//Por Jaime t. Oliva
As consequências da estiagem que atinge algumas regiões brasileiras
desde 2013 têm sido intensas. O Sudeste é uma das mais afetadas, como
demonstra a seca que assola a cidade de São Paulo e seu entorno. A crise
de abastecimento de água na metrópole com mais de 18 milhões de
habitantes é um dos símbolos mais fortes dessa situação.
Outro acontecimento chocante causa consternação: a principal nascente
do Rio São Francisco, na Serra da Canastra, está seca. Se quisermos nos
exasperar ainda mais, é só testar o efeito que a combinação da seca da
nascente do São Francisco, com a transposição de parte de suas águas
para o Nordeste Setentrional, com as ameaças do aquecimento global
produz em nós. O que está ocorrendo com nossa tropicalidade tão farta em
água, aliás, a característica-chave dessa condição?
Antes que a consternação e as preocupações justas se transformem em
paranoia, é importante revisitar alguns aspectos essenciais da dinâmica
dos rios e, de um modo particular, aqueles que dão especificidade ao
Velho São Francisco.
Os rios dependem de um fenômeno mais amplo em termos escalares: o ciclo
hidrológico. A evaporação das águas dos oceanos, transportadas pelos
complexos sistemas atmosféricos, transforma-se em precipitação nas áreas
continentais. As águas seguem, a partir daí, dois caminhos para formar
os rios: infiltram-se no solo até encontrar rochas impermeáveis,
acumulam-se e formam os lençóis subterrâneos (ou freáticos, no sentido
de que a infiltração da água foi freada).

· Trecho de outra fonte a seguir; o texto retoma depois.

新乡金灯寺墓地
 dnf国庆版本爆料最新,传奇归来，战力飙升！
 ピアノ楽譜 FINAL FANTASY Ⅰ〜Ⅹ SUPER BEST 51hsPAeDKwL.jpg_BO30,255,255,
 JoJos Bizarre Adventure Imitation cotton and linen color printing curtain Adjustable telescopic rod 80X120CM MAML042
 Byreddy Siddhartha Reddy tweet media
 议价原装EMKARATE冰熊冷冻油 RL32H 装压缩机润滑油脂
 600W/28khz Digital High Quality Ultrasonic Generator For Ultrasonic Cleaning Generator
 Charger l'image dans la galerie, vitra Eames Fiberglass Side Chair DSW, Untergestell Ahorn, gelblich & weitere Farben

Essas águas escoam
subterraneamente, seguindo a declividade da camada rochosa impermeável,
até encontrarem a superfície, formando uma nascente de água.
O constante fluxo que brotou tende a formar canais, mais ou menos
fixos, por onde a água correrá. Mas há também escoamento superficial das
águas que não se infiltram nos solos e que, seguindo a declividade do
relevo, terminam se juntando aos canais que escoam das nascentes,
aumentando, desse modo, o volume das águas. São essas dinâmicas
complexas e combinadas que formam um rio.
Um rio é, portanto, um curso d’água com um canal relativamente
definido, cujas nascentes localizam-se geralmente nas encostas de
montanhas ou serras, e cujo volume é aumentado em seu leito por outros
rios e pelo escoamento superficial das águas. Com exceção dos rios
amazônicos, situados em áreas de intensa pluviosidade, todos os demais
oscilam em termos de vazão (medida de metros cúbicos por segundo – m3/s)
durante o ano, conforme as estações, o regime de chuvas que alimenta os
lençóis freáticos e o escoamento superficial. Por isso se fala em
período das cheias e da vazante.
O Rio São Francisco encontra-se, neste momento que sua principal
nascente está seca, no período da vazante e nisso não há novidade nem
motivo para qualquer susto. A princípio, estiagens mais ou menos
intensas são comuns, fazem parte da dinâmica climática e são tanto mais
perceptíveis quanto maior a escala de tempo observada.
Mas e se a estiagem se mantiver para além da média? O São Francisco não
corre o risco de viver um momento de intermitência, ou seja, de perda
completa de suas águas?
Dois caminhos importantes, ou duas apreensões da forma geográfica dos
rios, devem ser considerados para pensarmos nesse risco. Em primeiro
lugar, é importante imaginar o rio como uma realidade geográfica linear,
capaz de absorver e influenciar (ao mesmo tempo que é influenciado) uma
série de situações durante o seu percurso. Em segundo, é indispensável
pensar no rio como uma realidade geográfica reticular (em rede), ou
seja, os rios pertencem a uma rede hidrográfica hierárquica: os maiores
encontram-se numa posição no relevo que favorece o escoamento das águas
de outros rios para eles. Por isso, normalmente são rios com muitos
afluentes.
No caso do São Francisco, encontramos um rio no topo hierárquico de sua
rede hidrográfica, pois suas águas não afluem para nenhum outro rio,
mas sim para o Oceano Atlântico. Ele é, na verdade, afluente do
Atlântico. Isso quer dizer que ele tem uma rede hidrográfica própria que
o alimenta, rede à qual podemos chamar de Bacia Hidrográfica do Rio São
Francisco.
O São Francisco percorre vasta área na direção Sul-Norte. Ele nasce na
Serra da Canastra, em Minas Gerais, e desemboca no Atlântico, na divisa
entre Alagoas e Sergipe, perfazendo uma distância de 2.863 quilômetros.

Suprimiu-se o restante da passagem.